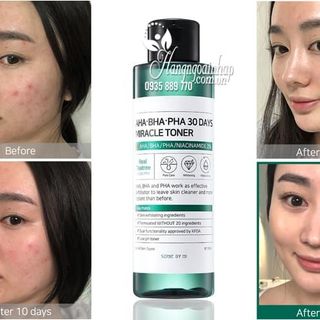 Nước hoa hồng trị mụn AHA BHA PHA 30 Days Miracle Toner 150ml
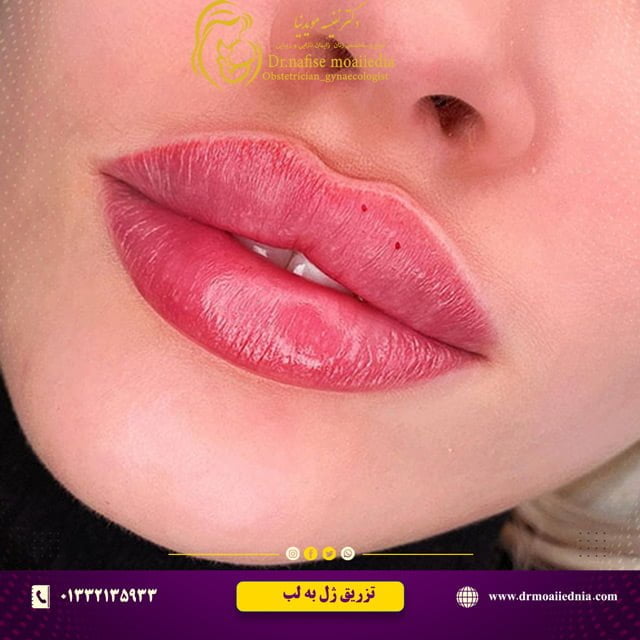 تزریق-ژل لب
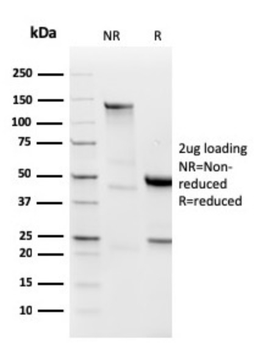 IGLV1-51 Antibody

▶ _Goal of the exercise_: Where pictures appear, skip them and transcribe all other material word for word.

▶ _Response for this exercise_:
 Nước hoa hồng trị mụn AHA BHA PHA 30 Days Miracle Toner 150ml
 تزریق-ژل لب
 IGLV1-51 Antibody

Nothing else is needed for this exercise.